Sometimes You Just Want a Hamburger. - The days when I am really sick of myself, I just want a hamburger. This is how I can tell exactly how sick of myself I am- by how badly I want to sit down...
Sunday, January 23, 2011
Memory, "the hardest button to button"
Looking backward. Over time. I feel like an observer of my years. Along for the ride for the calendar of events. Yet I can remember actively making decisions, participating, the will involved.
Memory. Maybe that's Jack White's hardest button to button (a song presently stuck in my head from Friday's commute). It's frequently mine. And it's the hardest button that takes your attention.
My memory is fragments. Sometimes ordered, sometimes scattered. Sometimes like a puzzle. But when I put the puzzle together and it fits and I feel like I have it right...do I?
Our girls amaze us with their memories--the odd details or seemingly random places or moments or experiences. And they are vivid, these memories. Things we had forgotten, but which come rushing back in waves of awareness when the girls remind us.

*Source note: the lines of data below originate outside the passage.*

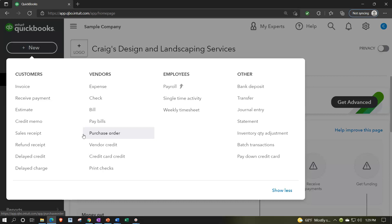With a purchase order, we're requesting inventory without paying for it, which makes it a strange data input form. Most forms here result in a financial transaction — something happening to the balance sheet and income statement. However, because we didn't pay any money and don't yet have the inventory, there's no financial transaction. But we do want to track it because when we receive the inventory, we expect a bill, and we want to track open purchase orders against inventory we're going to receive.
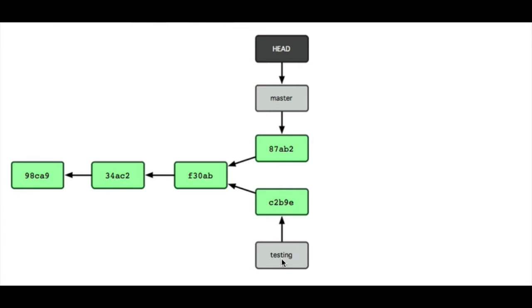So now we have a pointer, testing, pointing to this new commit, and then master was still pointing here.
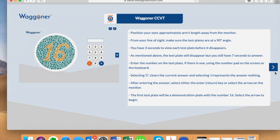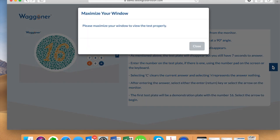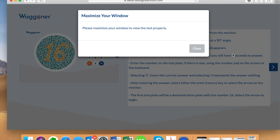A pop-up will appear asking you to maximize your window after you have selected the blue arrow. To create the best testing experience, please maximize your window and select close.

"Remember that time..?" for them could cue something from an hour ago, a month, two years ago, equally. And when they were younger, "yesterday" could mean any of those time frames.
John McPhee has a stellar collection of essays in a book called Pieces of the Frame. This concept of pieces, these fragments, moments, they also frame how my mind works for writing.
Trying to string fragments together, hang them on some sort of framework that I can assemble into a meaningful whole.
Sometimes if the fragments fall or fit together, if from a distance or up close they reflect something larger, it feels like freeing your fingers after buttoning the hardest button. To button.